(Source: Philippine Daily Inquirer | November 25, 2017)
The Philippines is deviating from a global trend.
While many retail stores elsewhere in the world are being shuttered, primarily rendered obsolete by the consumers’ growing preference for online shopping, the Philippine retail and mall scene remains robust and well poised for sustained growth.
It even continues to attract global retail giants to set up shop in the country.
Clearly, malls remain an important part of the Filipino lifestyle and continue to attract consumer traffic, deviating from the trend seen in the United States for instance, where hundreds of brick and mortar stores are being closed.
But there are a number of factors contributing to the continued popularity of shopping malls in the country.
Primarily, there remained a marginal number of Filipinos preferring or have access to online shopping. Despite the growing acceptance of online shopping in the country, only 3.5 percent of Filipino adults make purchases online, said Colliers International Philippines, citing data from the World Bank Global Financial Index.
Only 2.2 percent use a credit card to make payments; while a mere 4.2 percent have mobile accounts, it added.
On the retailer side, it has also become more attractive to set up shop in the Philippines.
Given a robust local economy and a growing middle class, more Filipinos have stronger purchasing power than five or 10 years ago. And if the first package of the proposed tax reform program will be passed into law, Filipinos’ per capita incomes and purchasing power are expected to increase anew given the expected reduction of income tax rates.
Colliers further pointed out that the government had said it would reduce the minimum paid up capital required for foreign retailers to open shop in the country to only $200,000 from the current $2.5 million.
This will take effect once the government releases the next Foreign Investment Negative List (FINL) by the end of the year. The FINL specifies the investment areas that are restricted to foreigners.
The government’s move should enable the entry of more foreign retailers especially those into food and beverage industry and home furnishing, as these are the two segments still dominated by local players, Colliers said.

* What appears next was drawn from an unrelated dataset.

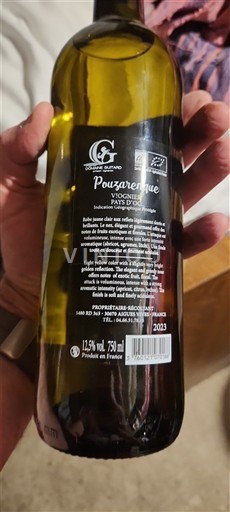 Vinhos Blanc sec Pouzarenque Viognier Vignobles Gerentes 2023 França Languedoc e Roussillon Pays d'oc IGP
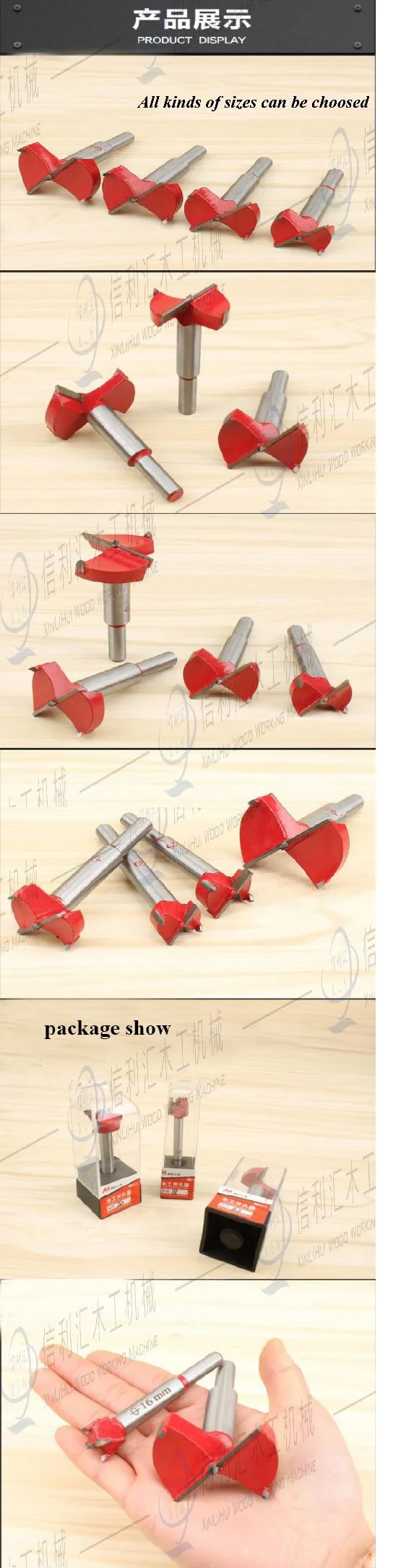 Hinge Boring Bit with Carbide for Wood Industrial Consumable Parts Drilling Bits, Blades, Knives and Cutters/ Wood Driller Machine for Woodworking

Colliers added that the Board of Investments has also earlier approved the application of global home furnishing giant IKEA to enter the Philippine market. The firm will be competing against foreign retailers already present here such as Pottery Barn, West Elm, Crate and Barrel, and H & M Home as well as homegrown brands such as SM’s Our Home and Vista Mall’s AllHome.
This is why in the Philippines, online shopping and social media platforms are rather being used by many developers and retailers to complement their physical stores. Here are a few thoughts from Colliers as to how mall operators and retailers maximize the benefits of e-commerce:
Operators and retailers should ramp up the security features of their online sites. If they do so, customers wary of hacking will be encouraged to use their credit cards, debit cards, and mobile wallets more frequently for online transactions.
Operators trying to develop their online shops should consider giving priority to clothing and accessories as these are the most visited categories, according to a Mastercard Online Shopping Survey.
Online supermarkets, which cater to working mothers and highly mobile millennial consumers, are the second-most visited segments. We expect online shopping to thrive over the near to medium term given the private telecommunications firms’ efforts to improve internet connectivity in the country and the government’s rolling out of free internet in public places.
Physical and online stores can also complement each other during holiday sales. The typically heavy traffic within Metro Manila is exacerbated by the holiday shopping rush, prompting some consumers to stay at home and purchase items online. Brick-and-mortar malls can maximize their partnership with e-commerce sites by offering their discounted items online.
With adequate online shopping and logistics services, mall operators can empower Filipinos working in Metro Manila and overseas to shop online and have their family members pick up their groceries in physical stores nearest to them.